Some telling information

We're finally getting full stories and not just AP wire blurbs. Apparently ESPN.com's Chris Mortensen spoke with Favre's agent Bus Cook and this article has this:

"I talked to Brett this morning and I told him 'nobody forced you to make this decision to retire, but the flip side is nobody encouraged you to play,'" Cook told Mortensen. "Two years ago, Ted [Thompson, the Packers' GM] encouraged him to play, but there was nothing this time around from them offering encouragement or him to come back."

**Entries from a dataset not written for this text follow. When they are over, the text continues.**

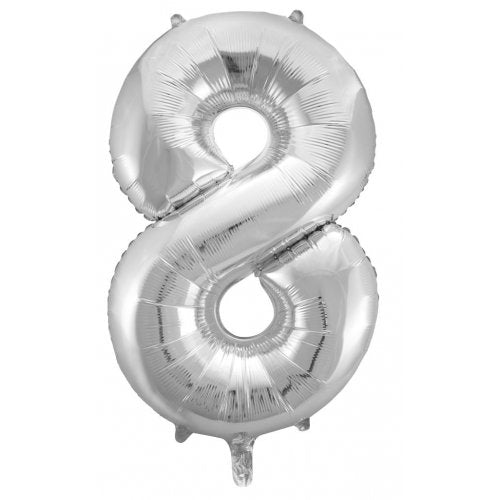 Number 8 Foil Balloon - Silver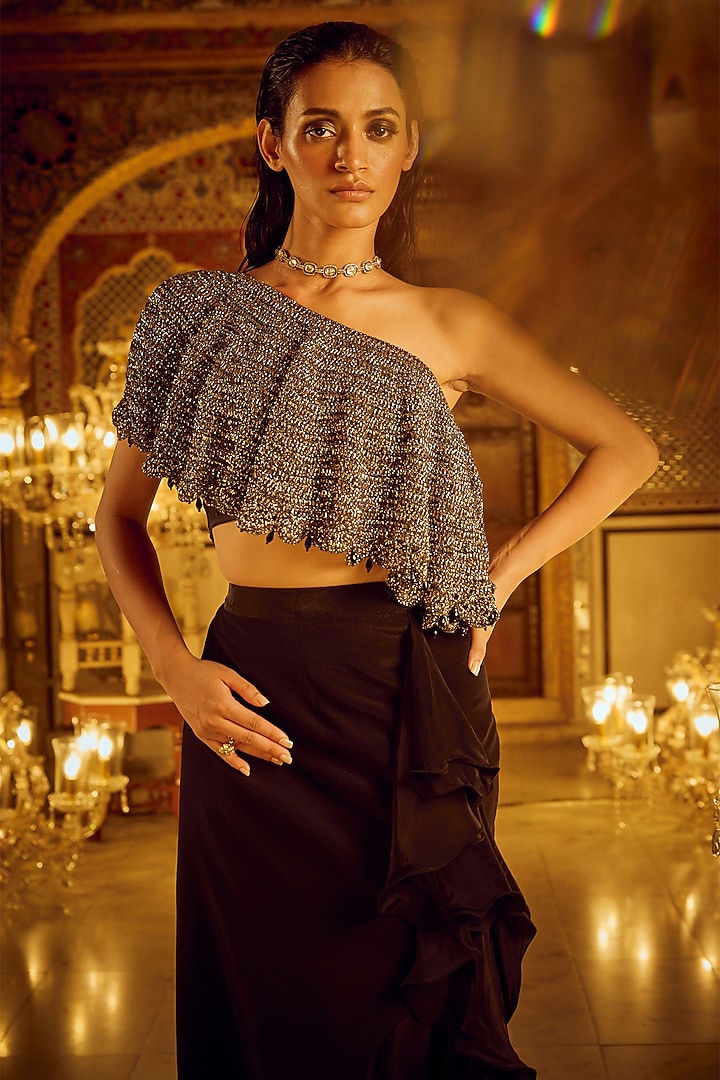 Black Crepe Ruffled Skirt Set by Nikita Vishakha at Pernia's Pop Up Shop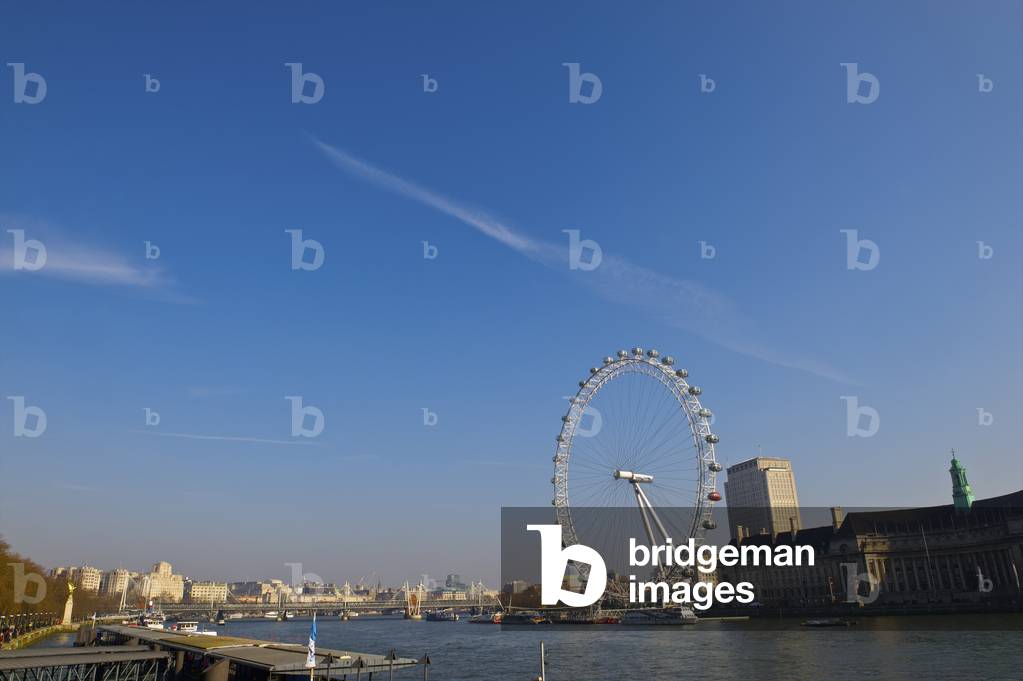 View of London Eye and South bank from Westminster bridge, London, England, UK  (photo)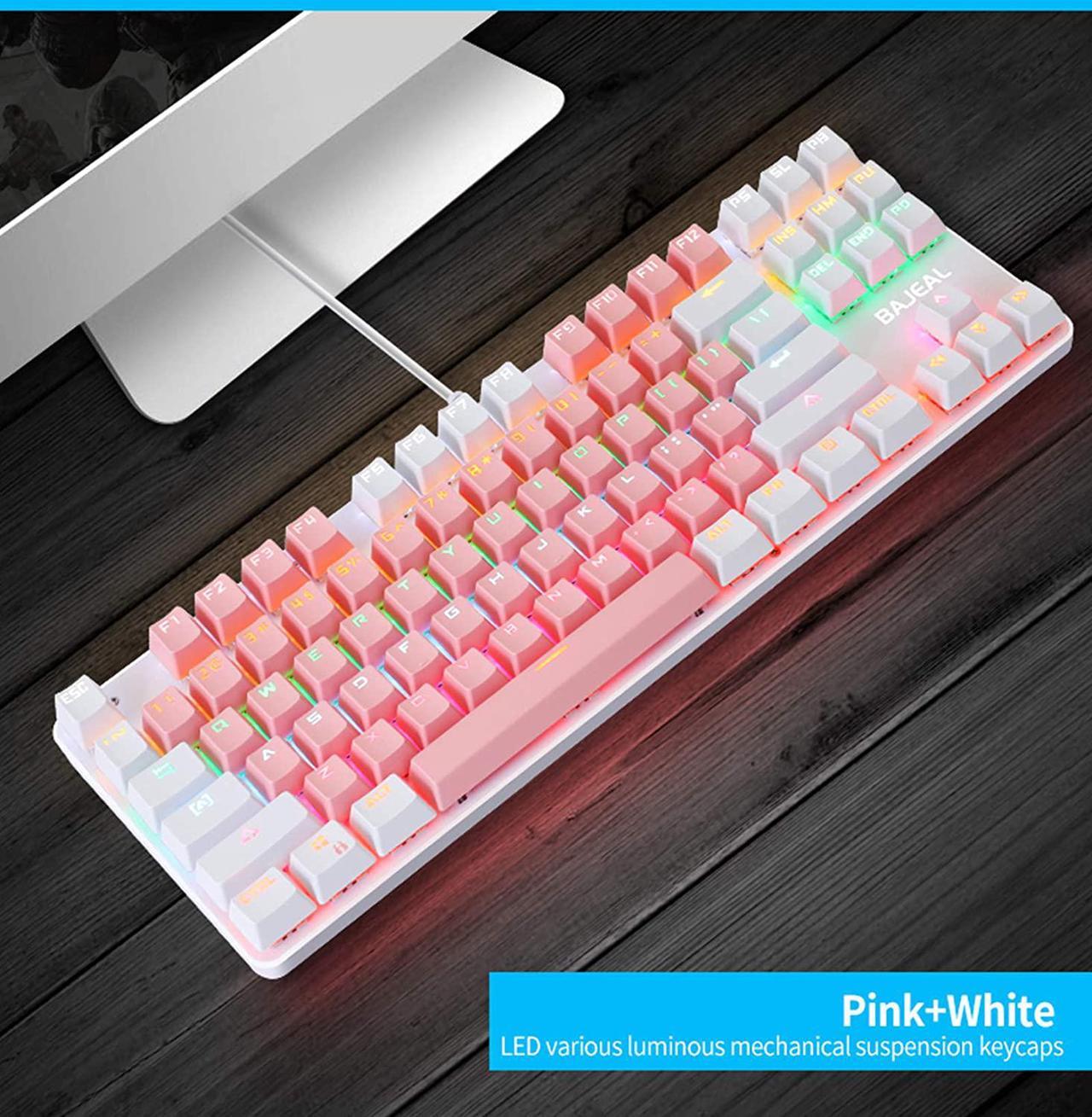 Alt view image 7 of 7 - BAJEAL Mechanical Keyboard,Hot Swap 87 Keys Keyboard,USB Wired Blue Switch Keyboard with Two Color Shine-Through Keycaps,Multi LED Backlit Lighting Gaming Keyboard (Pink White)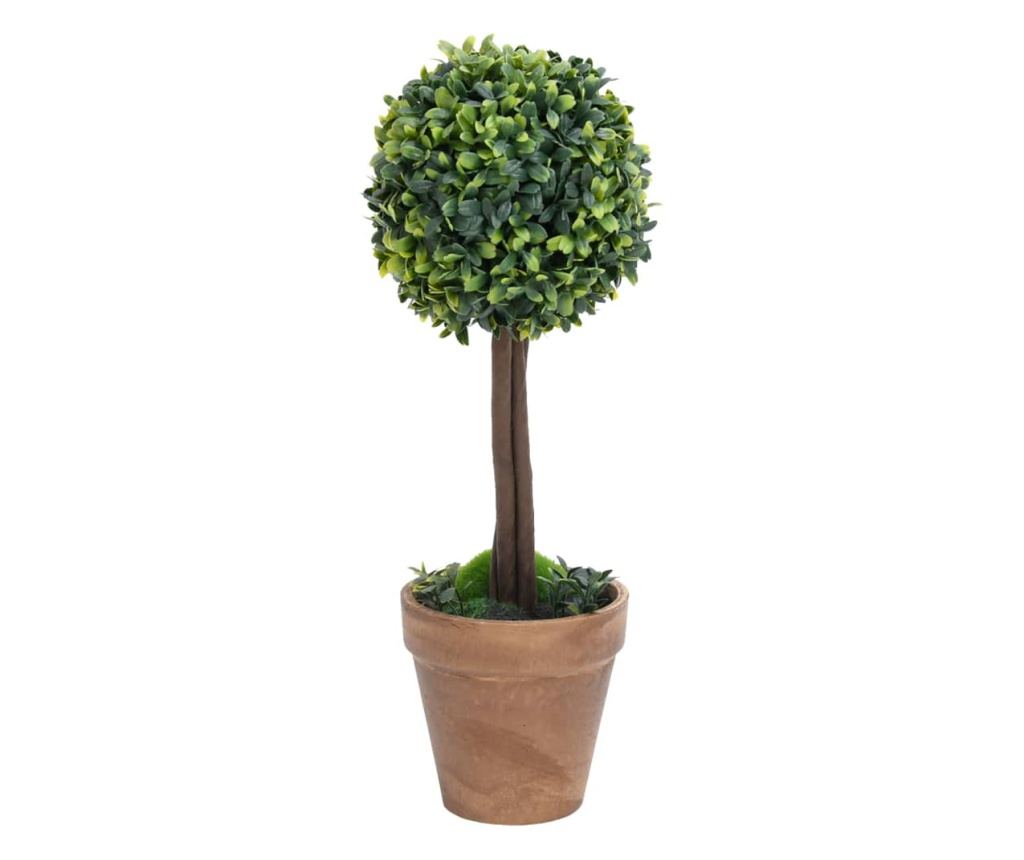 Umjetne biljke šimšira s loncem, 2 kom. zelene 33 cm kugla - 3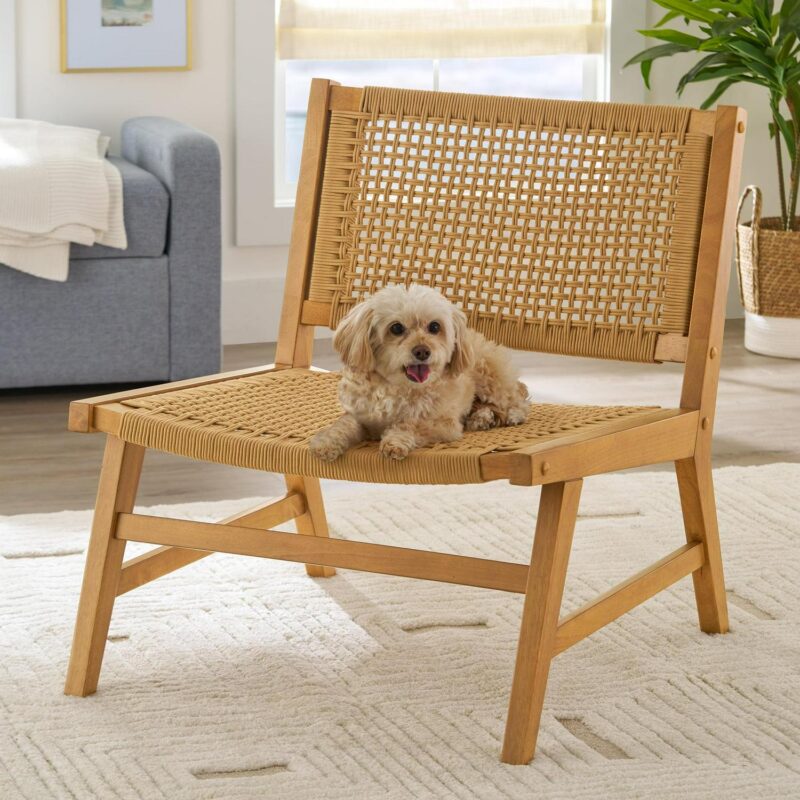 Better Homes and Gardens Vista Woven Accent Chair, Light Honey Finish - Image 11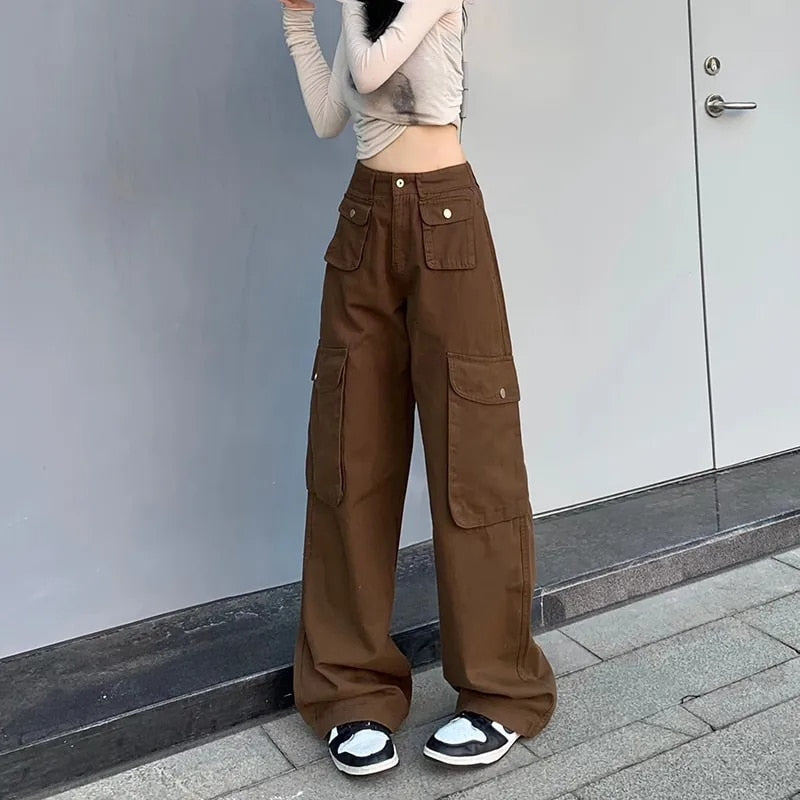 Cargo Pant Y2K Women Pockets Vintage Mid Waist Drawstring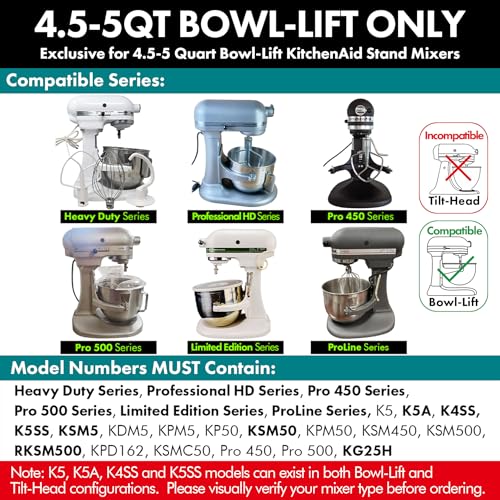 Image of Durable Spiral Dough Hook - Compatible with KitchenAid Heavy Duty Series 5 Qt Bowl-Lift Stand Mixers(K4, K5, K5A, K5SS, KSM5, KDM5, KPM5, KP50, KSM50, KPM50, KSM450, KSM500, KPD162, KSMC50, PRO 500)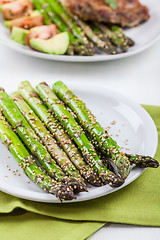 Image showing Glazed green asparagus 
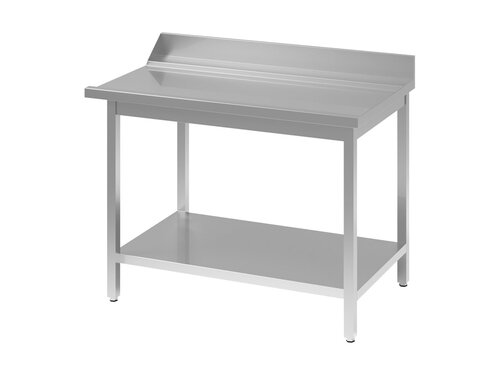 vaiotec TOPLINE 700 Ablauftisch, Anbauseite rechts, Grundboden, Aufkantung, BTH 1400 x 700 x 850 mm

I think that says a lot about the new management of the team and the new direction of this club.
Now that's not to say that the new management is necessarily wrong. All Packer fans need to come to terms with the fact that we were running on borrowed time and this hullabaloo every off-season had to be trying for the club and the team. Whether it was last year, this year or next year, eventually the Brett Favre era has to come to an end. The man is more myth than fact and no one can live like that forever.

I know there are people out there that are fully distraught today and I find that just a bit over-the-top. Am I sad? Sure. This team isn't going to be as fun to watch for a few years to come. The Packers have been The Land Where Brett Favre Tread for so many seasons that I think the team is going to have a bit of an identity crisis and may struggle and stumble for a few seasons trying to figure out what the Packers can and will be without him.

The fact is that for a couple of decades, the Packers were a small-time team in a small town. No one took much notice of us and we struggled in anonymity. Brett Favre literally "made" this team in this generation. Super teams need SuperStars and without Brett we don't have that. We don't have a "face" of the team and we're going to struggle until we have that leadership.

That's not to say that there aren't leaders on this team. Maybe Aaron Rodgers can be the new leader. He proved himself a bit in Dallas this season. But even if he becomes a really good quarterback, I'm not convinced that he can become an icon.

Certainly Donald Driver is the other most recognizable face on the Packers lineup, but I can't imagine he'll be with the team much longer, either. He's had a spectacular run, but where he had Brett before, he is now the lone ranger of the old guard.

It's a new time and hopefully we'll be able to be the phoenix and become a new team.